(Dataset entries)
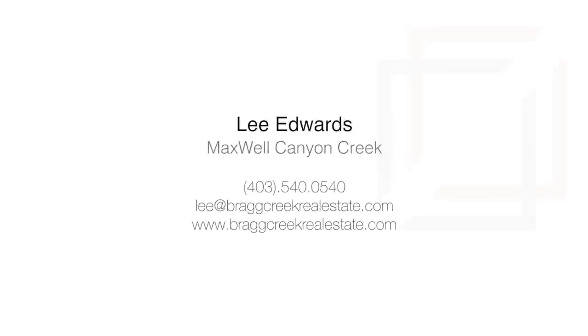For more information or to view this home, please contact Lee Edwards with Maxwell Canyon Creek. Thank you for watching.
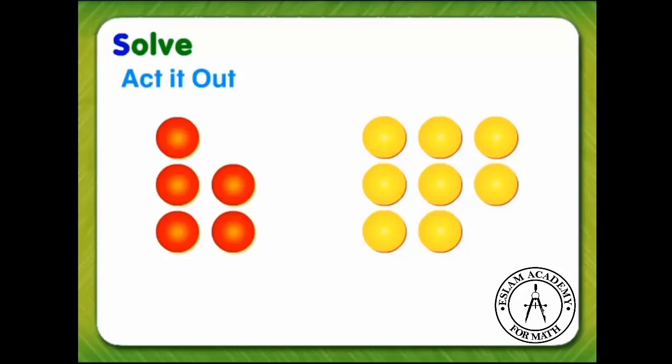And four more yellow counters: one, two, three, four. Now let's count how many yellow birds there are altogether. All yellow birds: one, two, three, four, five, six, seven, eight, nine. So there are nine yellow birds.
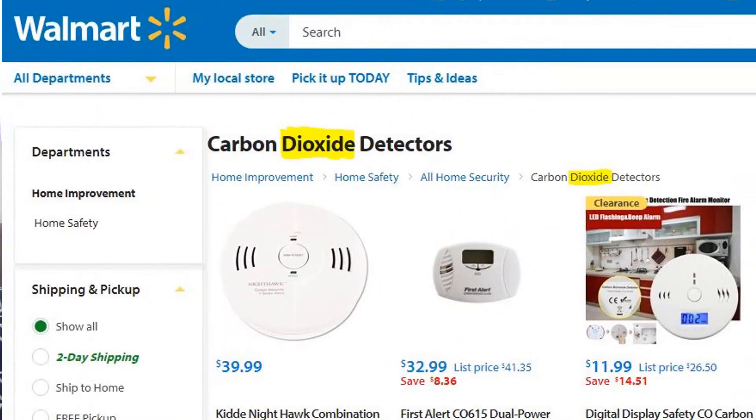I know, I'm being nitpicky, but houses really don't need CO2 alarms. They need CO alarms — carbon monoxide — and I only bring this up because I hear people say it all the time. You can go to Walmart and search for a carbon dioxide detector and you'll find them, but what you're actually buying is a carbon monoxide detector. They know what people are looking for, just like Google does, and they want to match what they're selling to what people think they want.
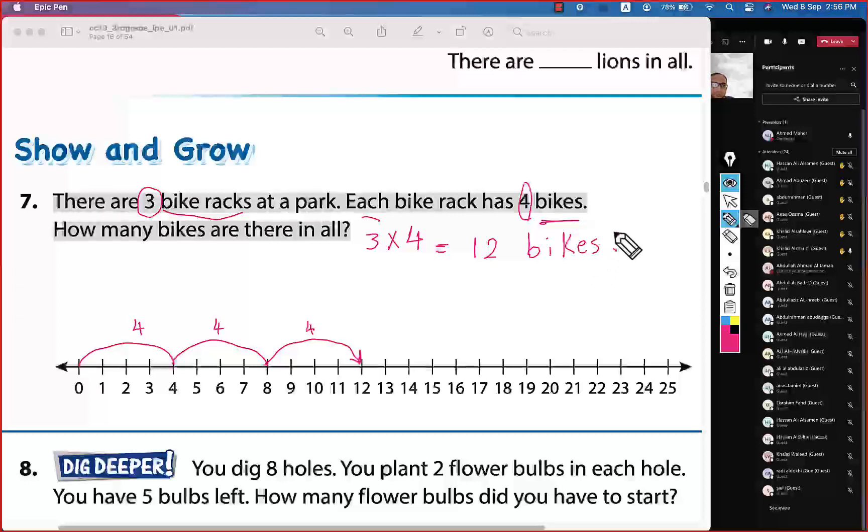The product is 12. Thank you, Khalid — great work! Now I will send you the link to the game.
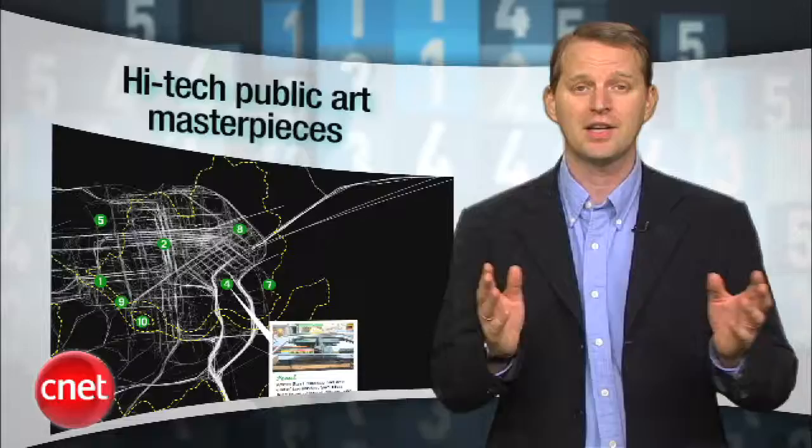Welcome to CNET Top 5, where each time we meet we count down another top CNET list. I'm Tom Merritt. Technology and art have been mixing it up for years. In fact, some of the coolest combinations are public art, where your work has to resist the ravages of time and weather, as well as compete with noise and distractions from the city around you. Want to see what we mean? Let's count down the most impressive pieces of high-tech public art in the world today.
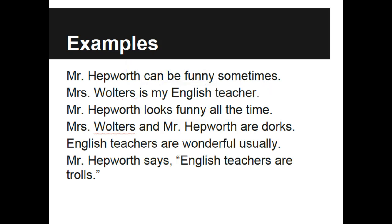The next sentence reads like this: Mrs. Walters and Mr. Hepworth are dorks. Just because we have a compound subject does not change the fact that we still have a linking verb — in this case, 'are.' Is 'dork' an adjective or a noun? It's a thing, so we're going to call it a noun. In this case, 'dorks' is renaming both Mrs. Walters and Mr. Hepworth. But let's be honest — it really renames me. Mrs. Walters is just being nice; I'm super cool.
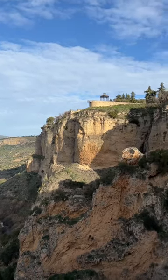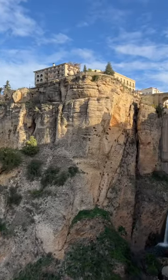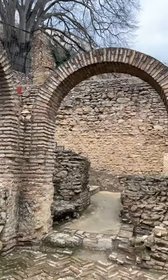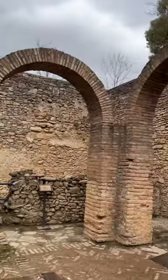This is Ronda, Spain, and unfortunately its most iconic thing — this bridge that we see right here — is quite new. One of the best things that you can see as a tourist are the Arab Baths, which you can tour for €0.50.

Assignment
Reproduce, exactly and only, the lines of the records above starting at the line with "I know, I'm" and ending at the line with "The product is", both included. Leave every picture out.

Response to this task
I know, I'm being nitpicky, but houses really don't need CO2 alarms. They need CO alarms — carbon monoxide — and I only bring this up because I hear people say it all the time. You can go to Walmart and search for a carbon dioxide detector and you'll find them, but what you're actually buying is a carbon monoxide detector. They know what people are looking for, just like Google does, and they want to match what they're selling to what people think they want.
The product is 12. Thank you, Khalid — great work! Now I will send you the link to the game.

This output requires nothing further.